VERSION is consciously flouts the poverty porn treatment and other well-worn stereotypes (a dis of “the magic negro” is the funniest gag, with Radha’s cracking knee comes close as the runner-up), therefore, by shooting in black & white 35mm film, Radha adds a beguilingly poetic sheen to the film's look and diverts our attention to the harsh reality (for instance, in her own words, Radha says she is living in a “box”, but we don’t get to see the what the box looks like). Only the subplot involving Radha’s unruly, diverse students (yes, her main job is a high school drama teacher) ends up half-baked.
By all accounts, Radha comes out with distinction, her directorial technique is promising and her performance is full of nuances, comical gestures and surely the woman can rap just for the hell of it! Also, as Archie, Peter Kim’s “gay best friend” iteration is upgraded with great agency and a soupçon of intersectionality, his chemistry with Radha is simply divine.
King’s ONE NIGHT IN MIAMI… brings us back to a pivotal day, on February 25, 1964, Malcolm X (Ben-Adir), Jim Brown (Hodge), Sam Cooke (Odom) and Cassius Clay (Goree), before he changed his name to Muhammad Ali, are gathering together to celebrate Clay’s fresh victory as the new heavyweight champion. Writer Kemp Powers puts his puissant words into the quartet’s mouths, gives a comprehensive look of the hot-button racial and religious issues that bind and divide the four made men of dark pigmentation.
King manages to construct an adequate period milieu but she betrays her greenness in Clay’s match sequences, punches are conspicuously pulled, not a single sweat is shed, the pace is haphazard, their fakery is astonishing and a waste of Goree’s well-honed physique. Which makes one realize we cannot take the expertise shown in Ryan Coogler’s CREED (2015) for granted.

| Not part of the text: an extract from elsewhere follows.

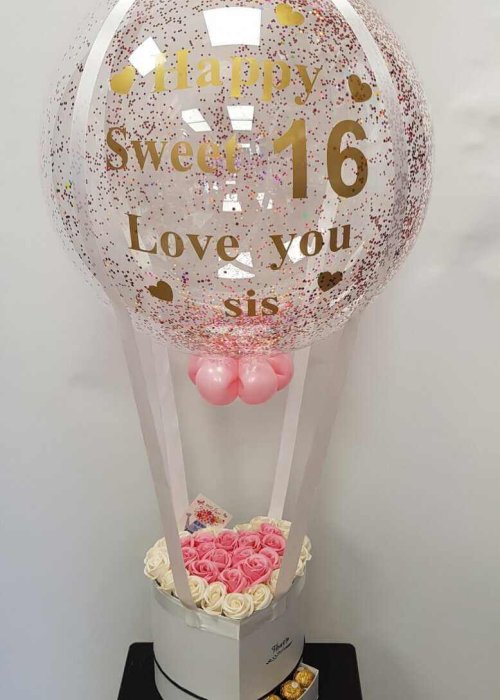 בלון כדור פורח זהוב עם בלונים ורודים ליום הולדת 16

Albeit the four’s amity, discords are crammed into the long night, but Powers cherry-picks the internecine face-off between Malcolm X and Sam Cookie as the center piece. It is a writer’s comprise, because their divergence is least tub-thumping (it is merely a matter of different means to the same end), whereas the more intricate, delicate frictions (e.g. under Malcolm’s tutelage, Clay’s sudden conversion to Islam is a bombshell to Brown and Cooke; or Malcolm’s own departure from Elijah Muhammad’s Nation of Islam appears like a betrayal to Clay, and he doesn’t even care to explain the reason why.) are sideshows.

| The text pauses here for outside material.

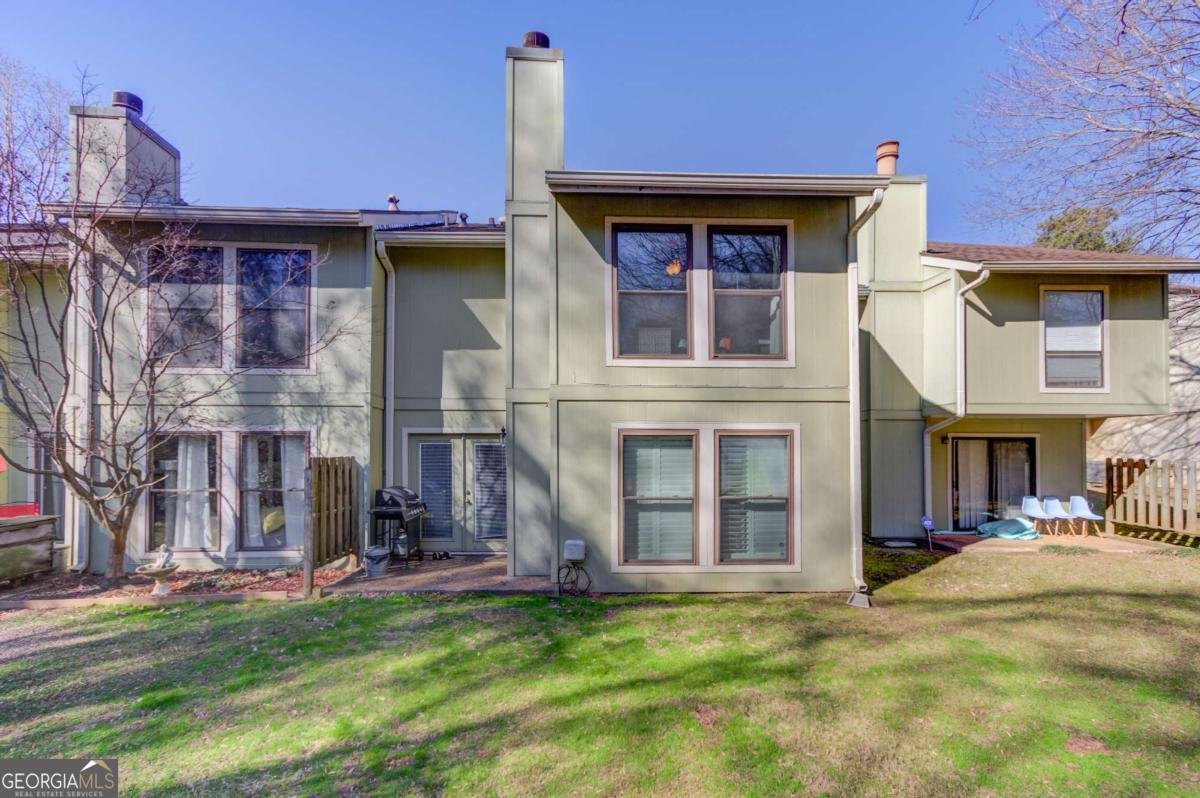 6392 Hawthorne Terrace Peachtree Corners - Photo 31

If Goree’s impersonation of Clay is a shade facetious, unconvincing, playing a 22-year-old wunderkind basking in his crowning glory doesn’t imply he is a cardboard dynamo, Hodge’s Brown comes off as more balanced, meditative and realistic, an apt mediator when dissension emerges. Gauging that he is the only one who is still with us today, Jim Brown receives a kid-glove treatment.

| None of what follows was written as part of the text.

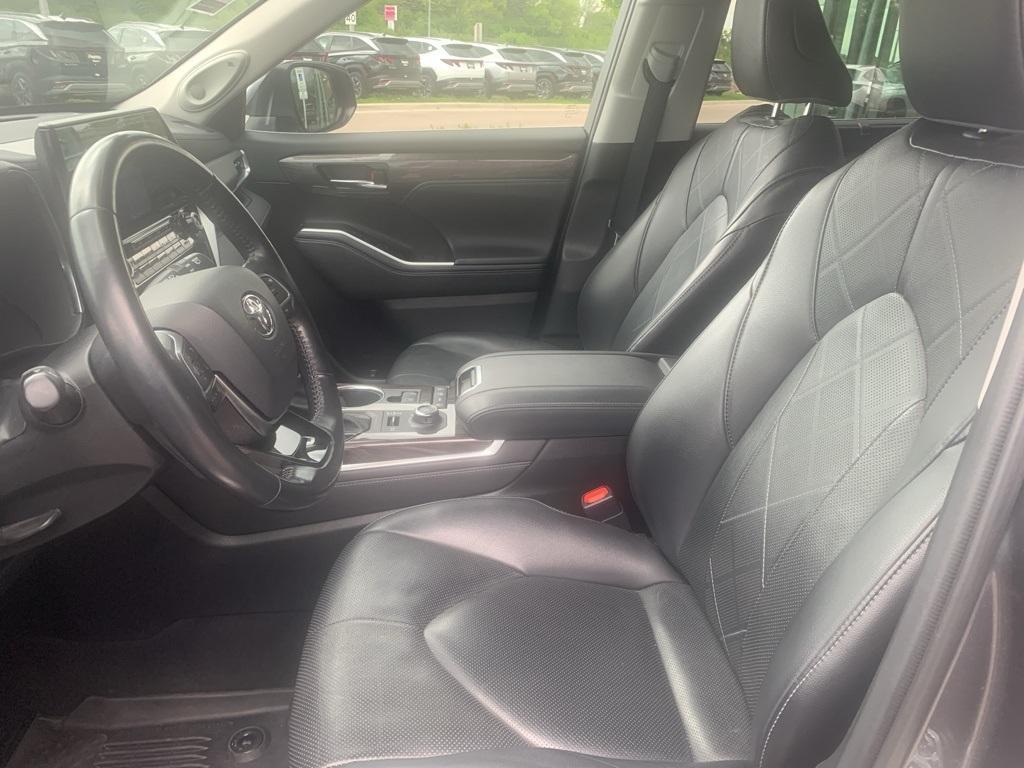 used 2021 Toyota Highlander car, priced at $40,993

Then, Odom, with the bonus points earned by his velvety musicality, nabs two Oscar nominations (one for acting, one for SPEAK NOW, the rousing, tuneful song that almost leaves Yours Truly misty-eyed during the end credits), and his Cooke is a relaxed, cool guy, no thorny side, only gets defensive when he is subjected as the fair game by a militant Malcolm, his canniness (catering to white folks while fostering black talents sounds just like the right move) and chasteness (served as the inspiration of writing his signature song A CHANGE IS GONNA COME, an outcry for racial equality) are shown in equal measure. An anecdote of being wrong-footed by Jackie Wilson (Jeremy Pope makes a flash of imitation) is a mawkish move.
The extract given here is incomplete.